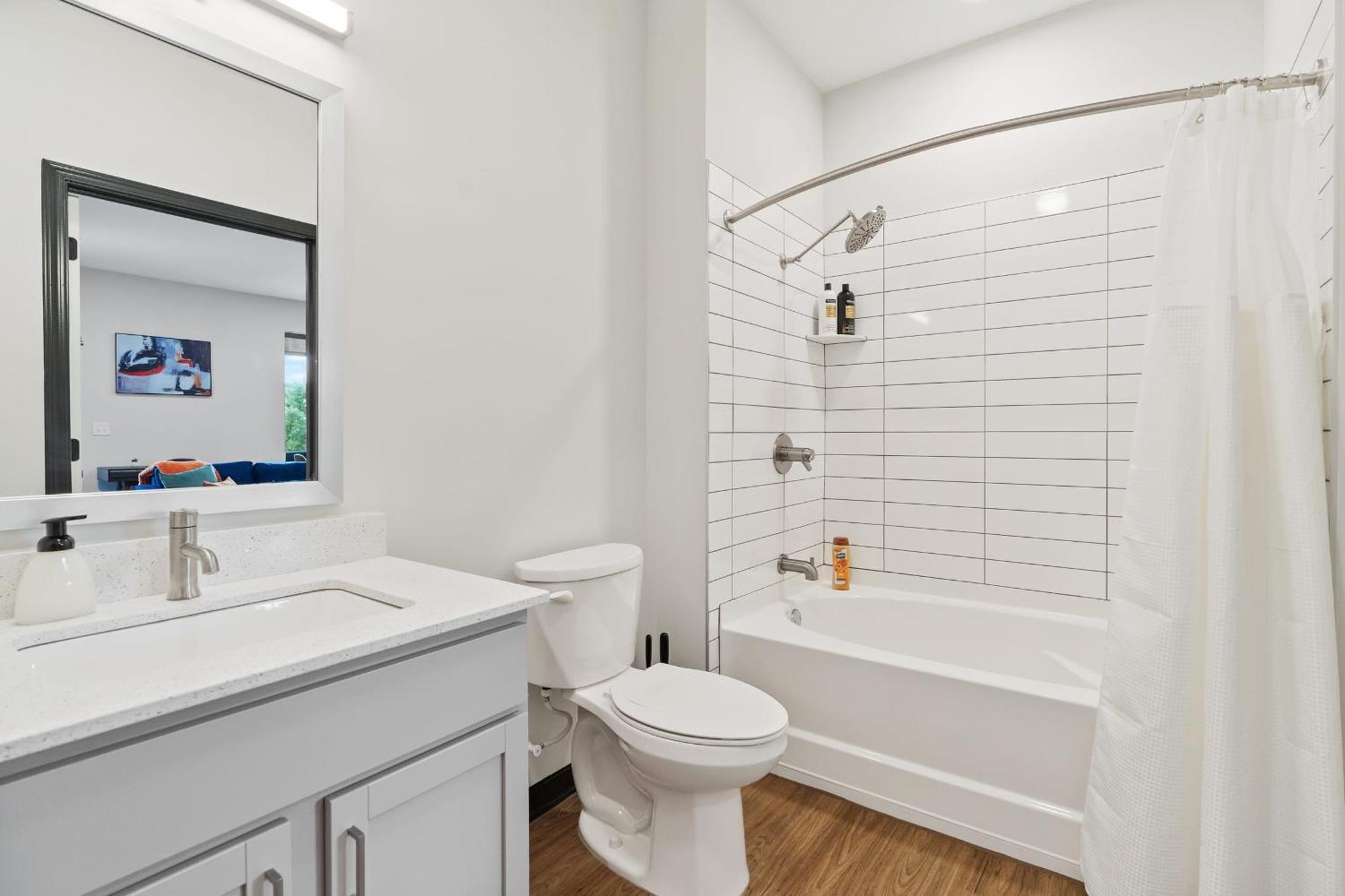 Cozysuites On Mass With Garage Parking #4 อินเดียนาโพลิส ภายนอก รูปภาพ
* * *
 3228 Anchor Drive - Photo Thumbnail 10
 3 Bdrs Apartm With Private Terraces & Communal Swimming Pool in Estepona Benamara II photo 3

Your task ▸
Above are some records; copy exactly the lines from the one with "3228 Anchor Drive - Photo Thumbnail 10" through the one with "3 Bdrs Apartm", both included, and no others.

Answer box ▸
 3228 Anchor Drive - Photo Thumbnail 10
 3 Bdrs Apartm With Private Terraces & Communal Swimming Pool in Estepona Benamara II photo 3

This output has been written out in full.